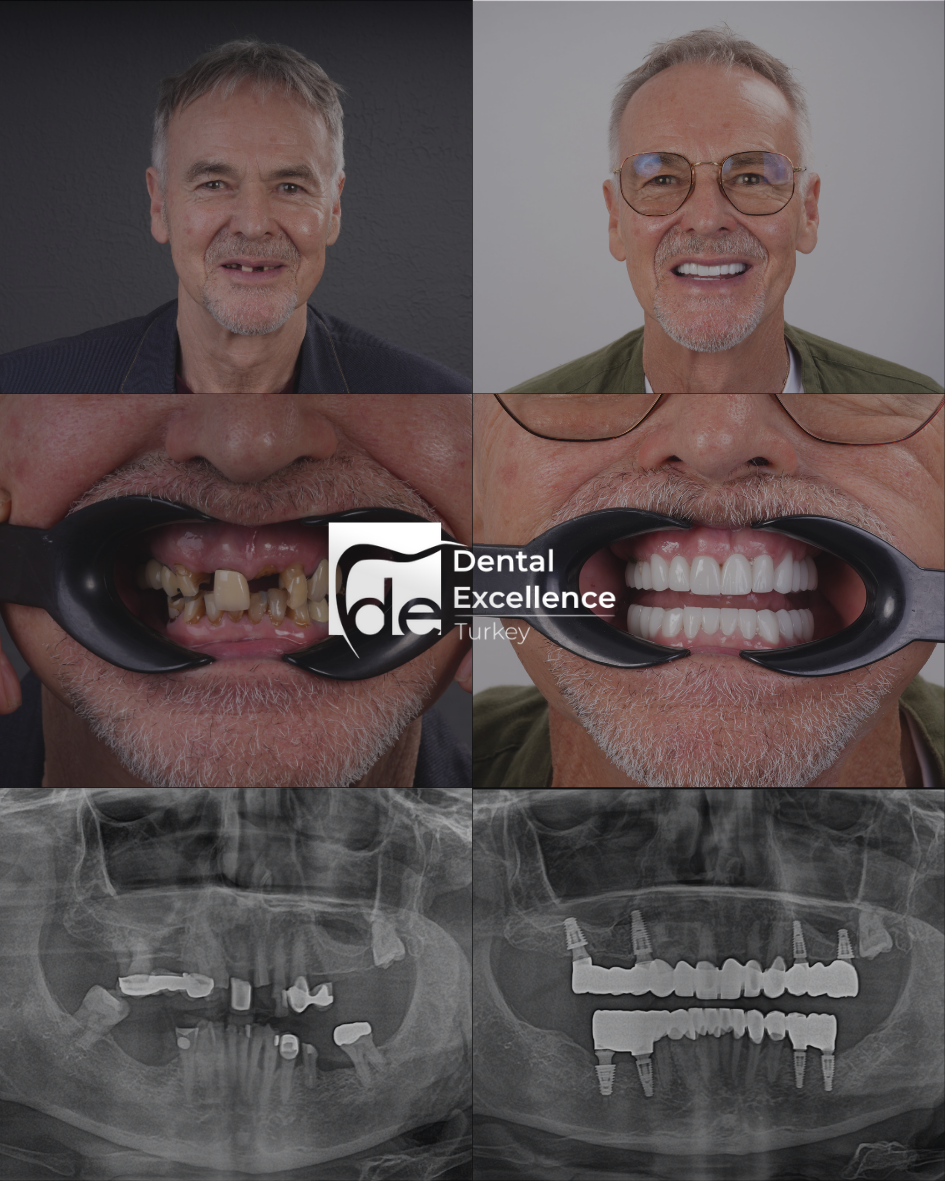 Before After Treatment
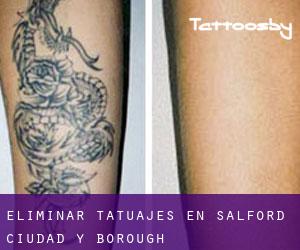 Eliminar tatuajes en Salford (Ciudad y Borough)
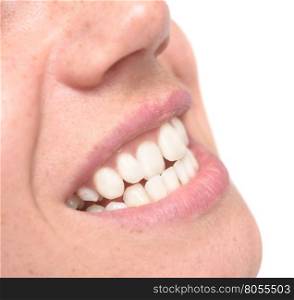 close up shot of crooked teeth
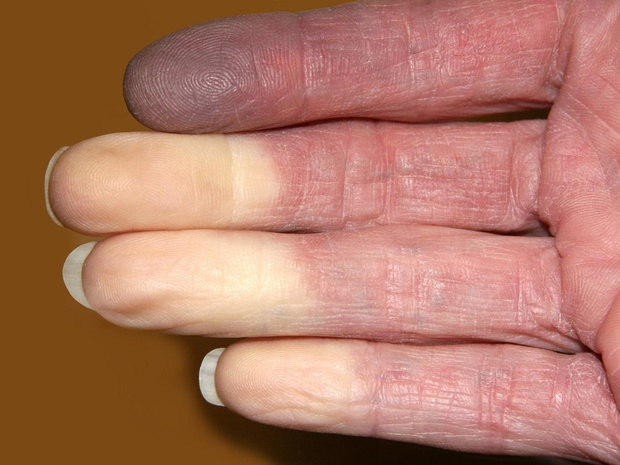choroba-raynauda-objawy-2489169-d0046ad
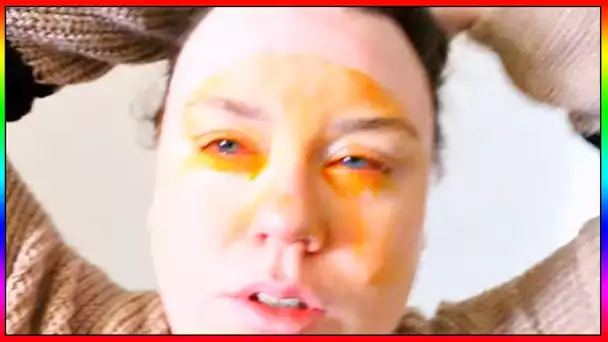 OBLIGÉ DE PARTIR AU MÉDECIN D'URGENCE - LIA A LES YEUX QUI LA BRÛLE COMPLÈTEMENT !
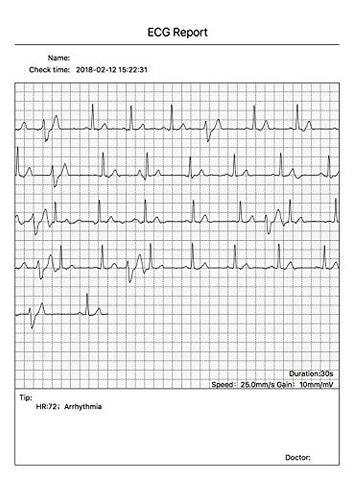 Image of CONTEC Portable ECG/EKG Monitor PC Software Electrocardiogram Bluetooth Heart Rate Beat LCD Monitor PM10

PROBLEM STATEMENT - The listing above must be restated word for word. Its pictures are to be left out.

EXERCISE RESULT -
 Before After Treatment
 Eliminar tatuajes en Salford (Ciudad y Borough)
 close up shot of crooked teeth
choroba-raynauda-objawy-2489169-d0046ad
 OBLIGÉ DE PARTIR AU MÉDECIN D'URGENCE - LIA A LES YEUX QUI LA BRÛLE COMPLÈTEMENT !
 Image of CONTEC Portable ECG/EKG Monitor PC Software Electrocardiogram Bluetooth Heart Rate Beat LCD Monitor PM10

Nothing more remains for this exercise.